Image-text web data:

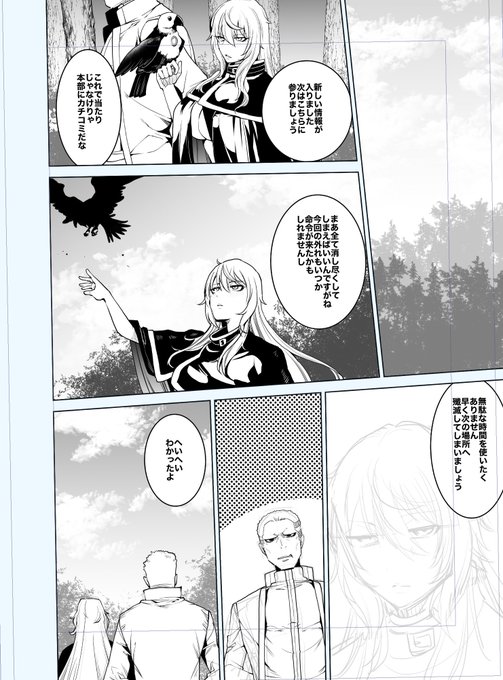 おしりの方を先に終わらせてじわじわ進めてる 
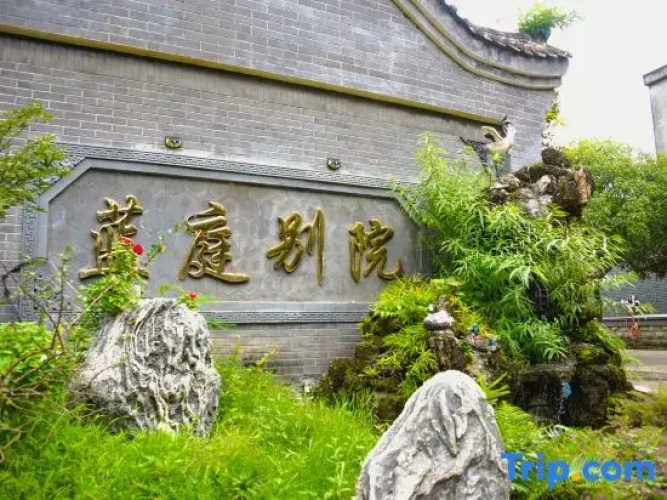Lanting Bieyuan Inn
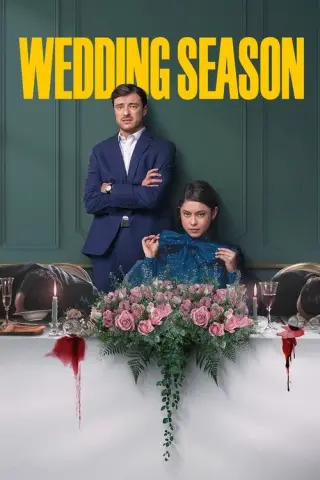 Весільний сезон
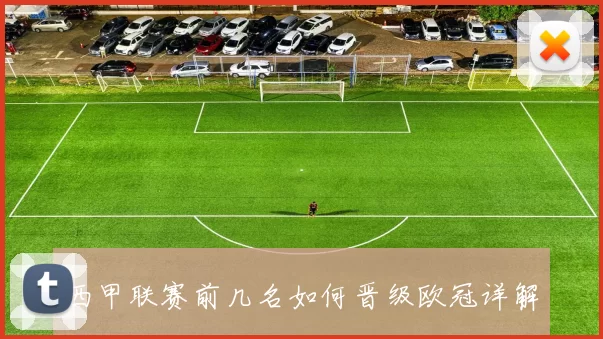 西甲联赛前几名如何晋级欧冠详解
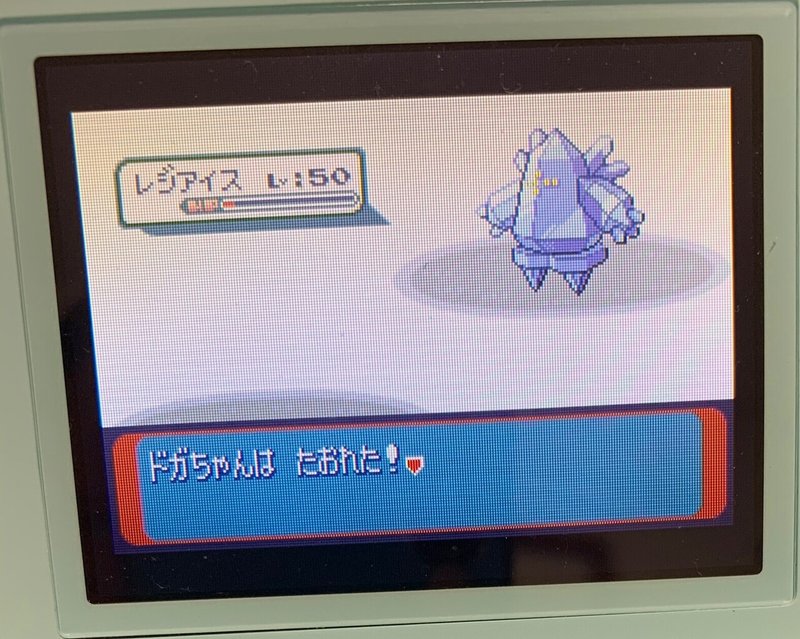 ポケモンリボンコンプの旅11 タワーをのぼるポケモン達 宗諸 Note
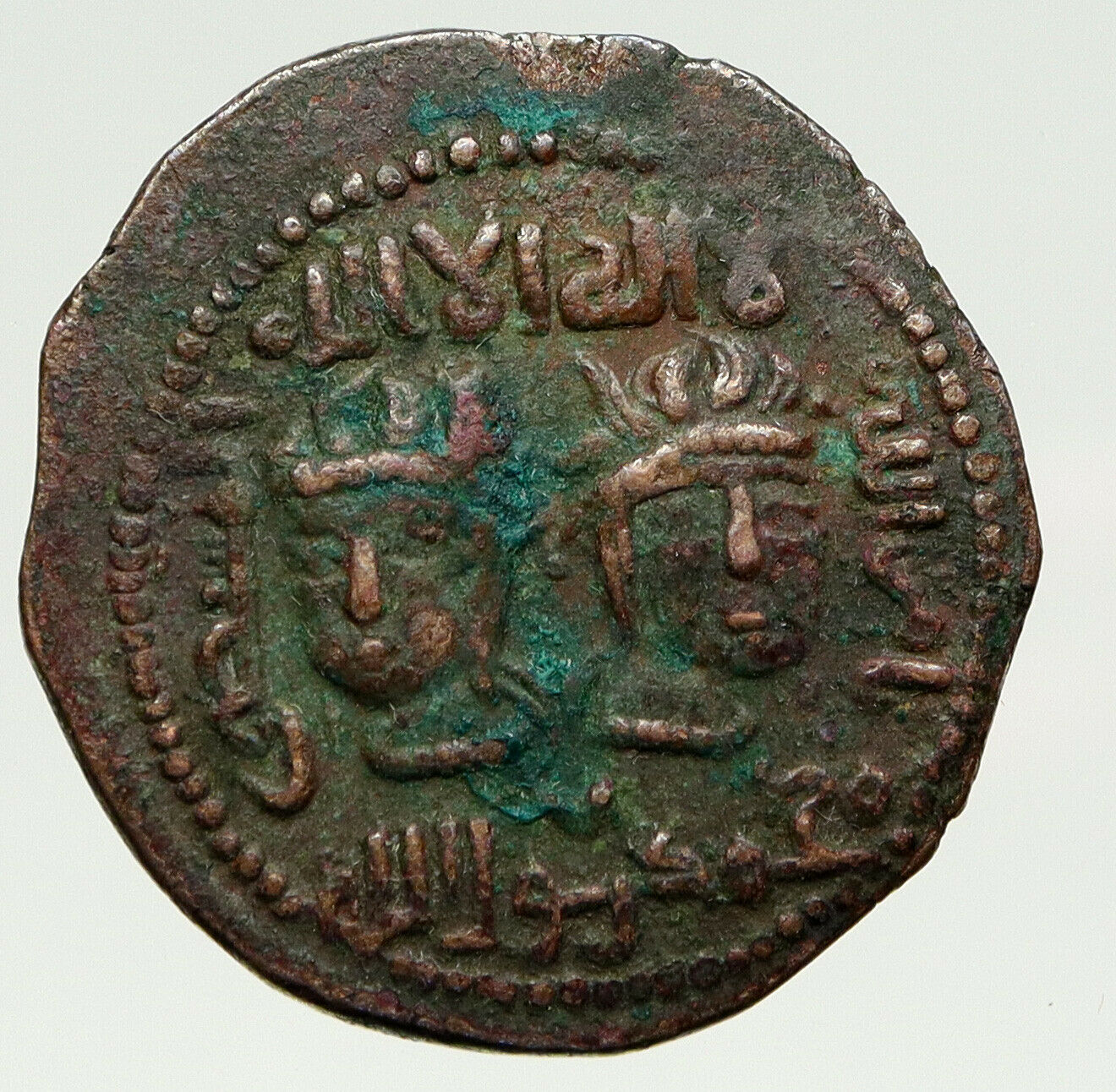 ISLAMIC Turkey Ancient MARDIN ARTUQUIDS Arslan Dirham Coin GEMINI VIRGO i93235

Goal of the exercise:
Your answer should be every entry repeated exactly, minus the pictures.

Result of the exercise:
 おしりの方を先に終わらせてじわじわ進めてる 
Lanting Bieyuan Inn
 Весільний сезон
 西甲联赛前几名如何晋级欧冠详解
 ポケモンリボンコンプの旅11 タワーをのぼるポケモン達 宗諸 Note
 ISLAMIC Turkey Ancient MARDIN ARTUQUIDS Arslan Dirham Coin GEMINI VIRGO i93235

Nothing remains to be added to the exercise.